Despite that excellent start, the removal of both the Nez Perce from their ancestral lands in eastern Oregon and of the
Ponca from their reserve along the Missouri River in the Dakota Territory had tragic consequences. Both of these
removals had been decided upon during the Grant administration and were carried out during the first three months of
Hayes’ term. The eviction of the Nez Perce from the Wallowa Valley led to a war that lasted from June to October 1877,
during which time the Nez Perce under Chief Joseph out-maneuvered and out-fought the U.S. Army, headed by General
Philip Sheridan. On a 1,700 mile retreat, the Indians were forced to surrender in Montana just south of the Canadian
border. The surviving Nez Perce were sent to the Indian Territory (present day Oklahoma).

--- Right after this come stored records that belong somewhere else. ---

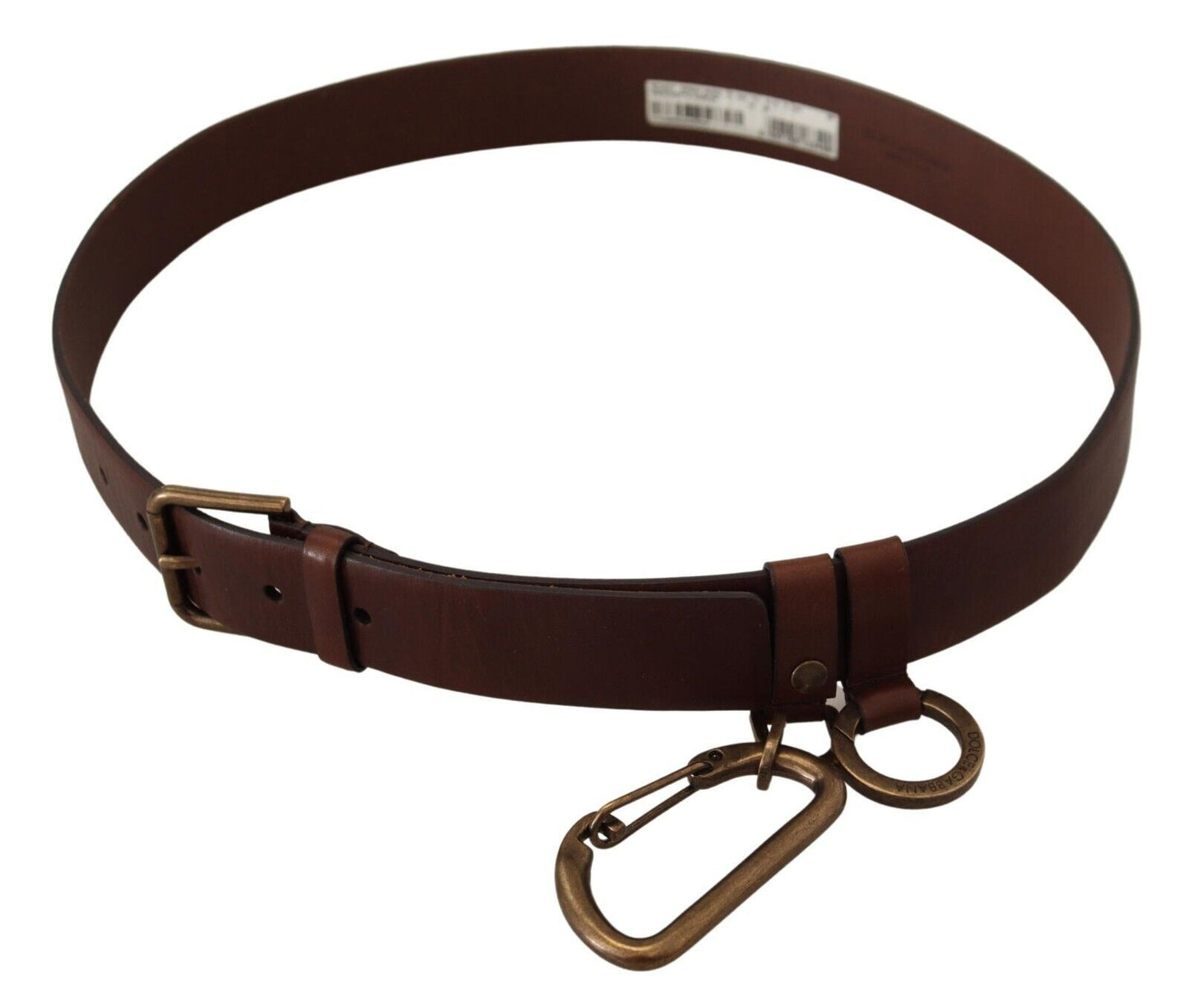  - Elegant Brown Leather Belt with Metal Buckle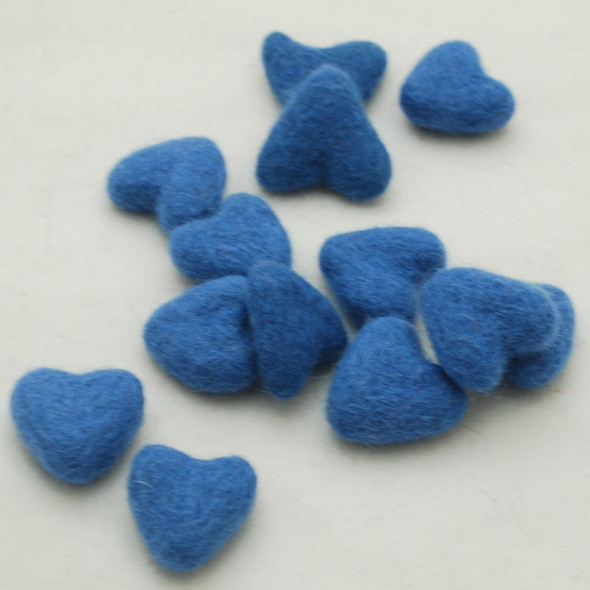 100% Wool Felt Hearts - 10 Count - approx 3cm - Porcelain Blue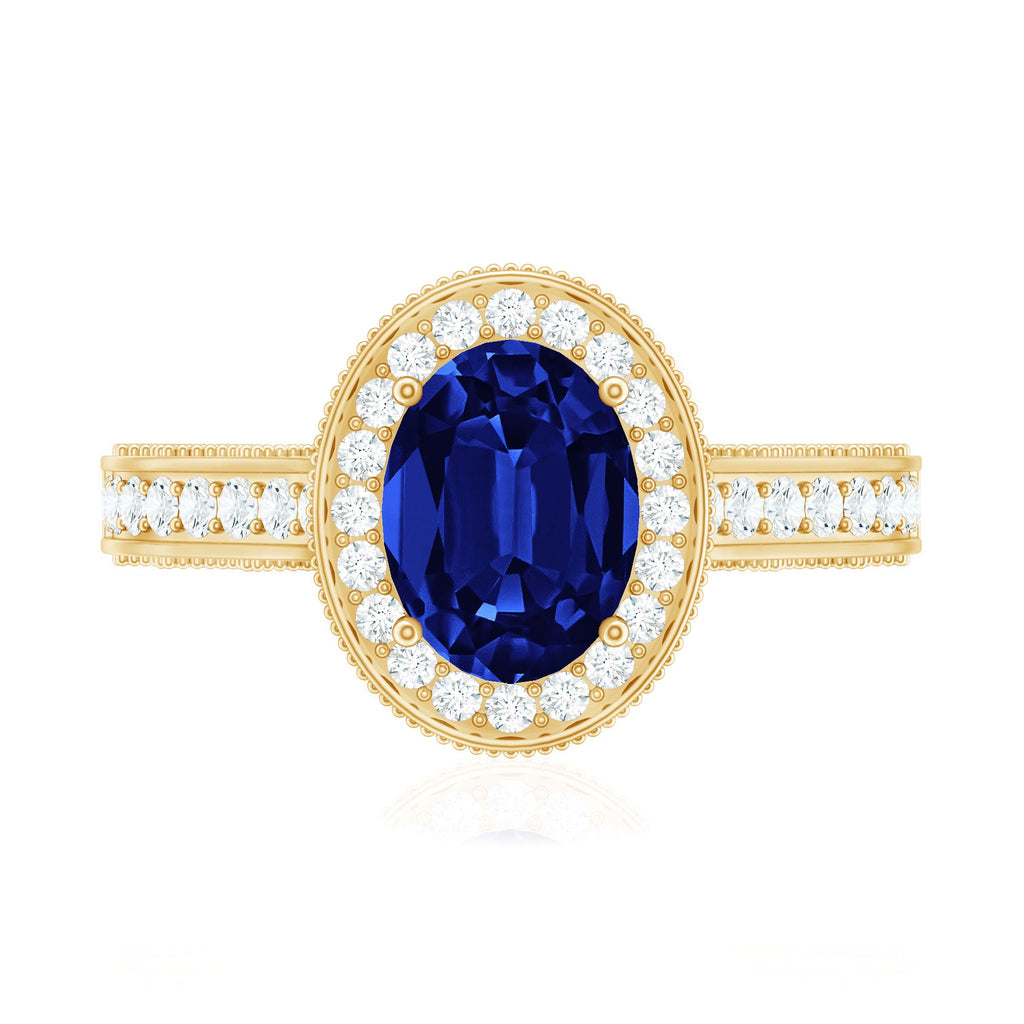Certified 1.5 Carat Lab Grown Blue Sapphire Engagement Ring with Diamond Halo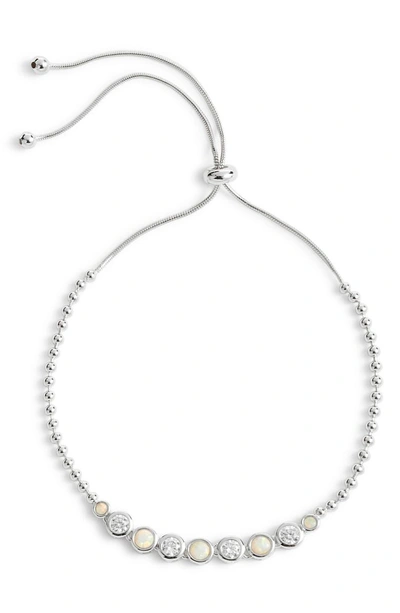 Shop Argento Vivo Opal Adjustable Bracelet In Opal/ Silver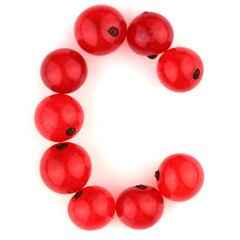 Alphabet of red berries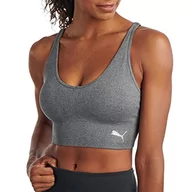 Biustonosze - PUMA Damski biustonosz bez szwów sportowych, bez szwów, bez szwów, Medium Heather Grey, L - miniaturka - grafika 1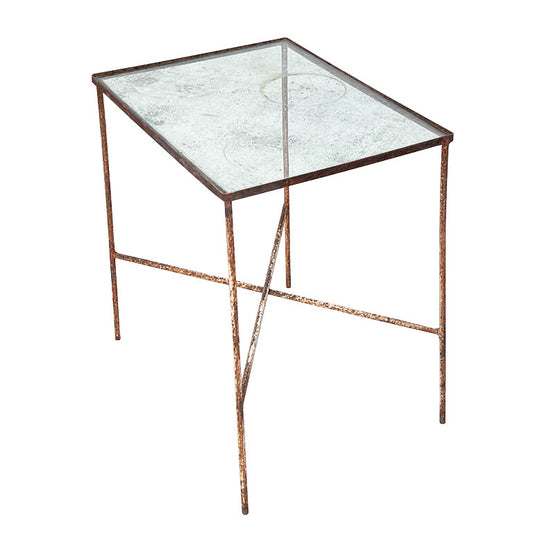 Rustic Antique Early American Iron and Glass Accent or Side Table - 1900s Tulsa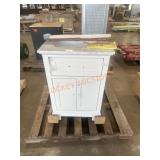 White Single-Sink Bathroom Vanity Cabinet With A
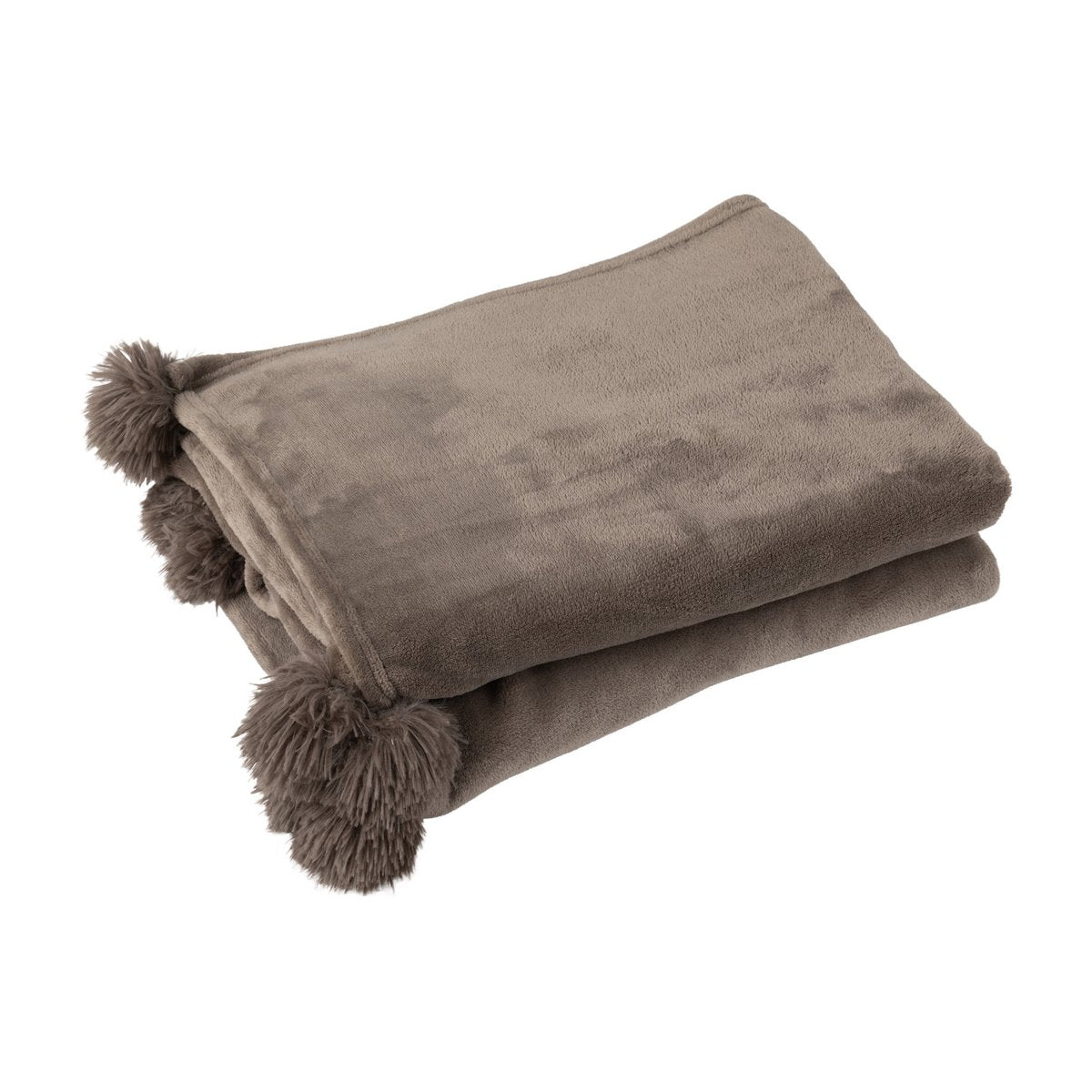 J -Line Plaid Pompom donkertaupe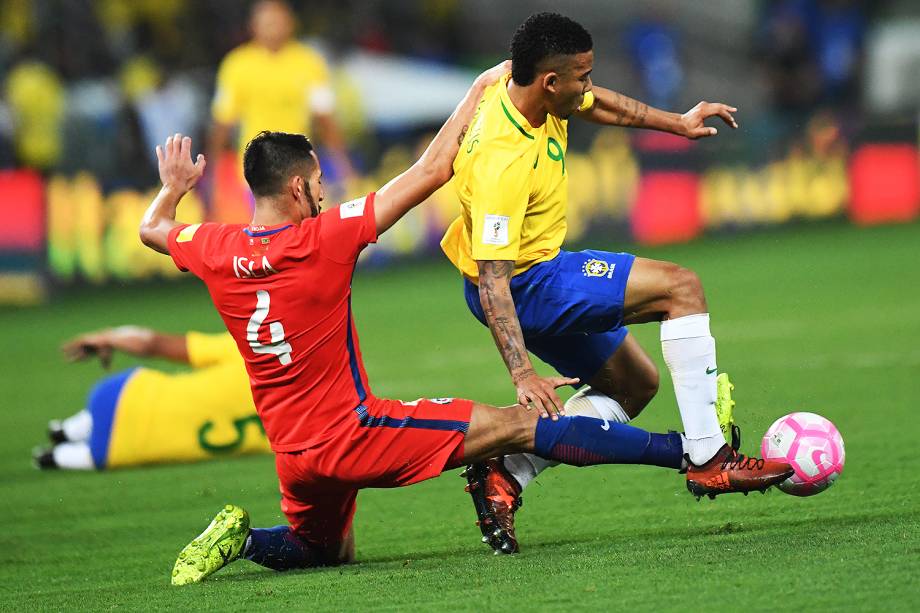 Gabriel Jesus durante jogo Brasil e Chile na Arena Allianz Parque, na zona Oeste da capital paulista - 10/10/2017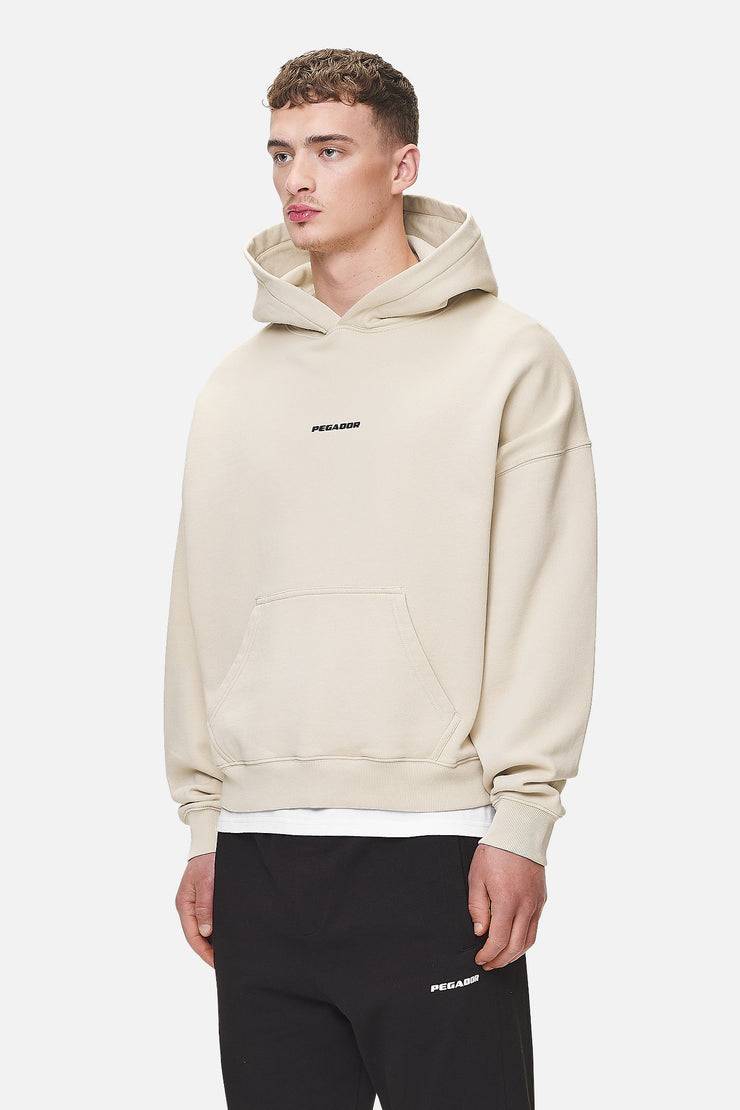 Pegador Logo Boxy Hoodie Washed Desert Sand Black Gum
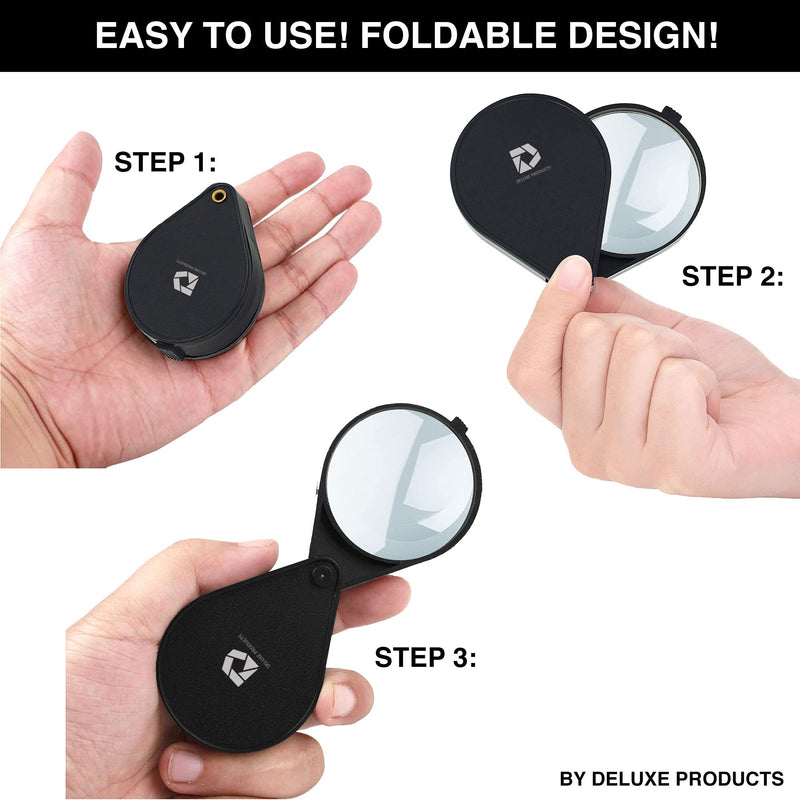 Deluxe Products Folding Pocket Magnifying Glass - Portable Compact Design for Travel, and 2.5" Glass Lens with 4X Magnification for Reading Small Print , and Hobbyists,Black,DP-7016 - NewNest Australia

The Ponca, who did not resist, were also sent to the Indian Territory and would have been forgotten had not one of their
chiefs, Standing Bear, tried to return to Dakota on foot in the winter with the corpse of his son, in hope of burying him
with his forebears. He was arrested in Nebraska but his plight aroused enormous sympathy in the Northeast and sparked
an Indian-rights movement that opposed removals of Native Americans. Responding to pressure but also recognizing the
injustice and the high cost of the removal policy, the Hayes administration abandoned it. Hayes, Schurz, and the Indian
Rights Association were humane in their paternalism but were not interested in preserving the culture of Native
Americans. Indeed, Hayes believed acculturation was the best policy; that education coupled with learning to be a farmer,
herder, teamster, etc. was in the Indians’ best interest.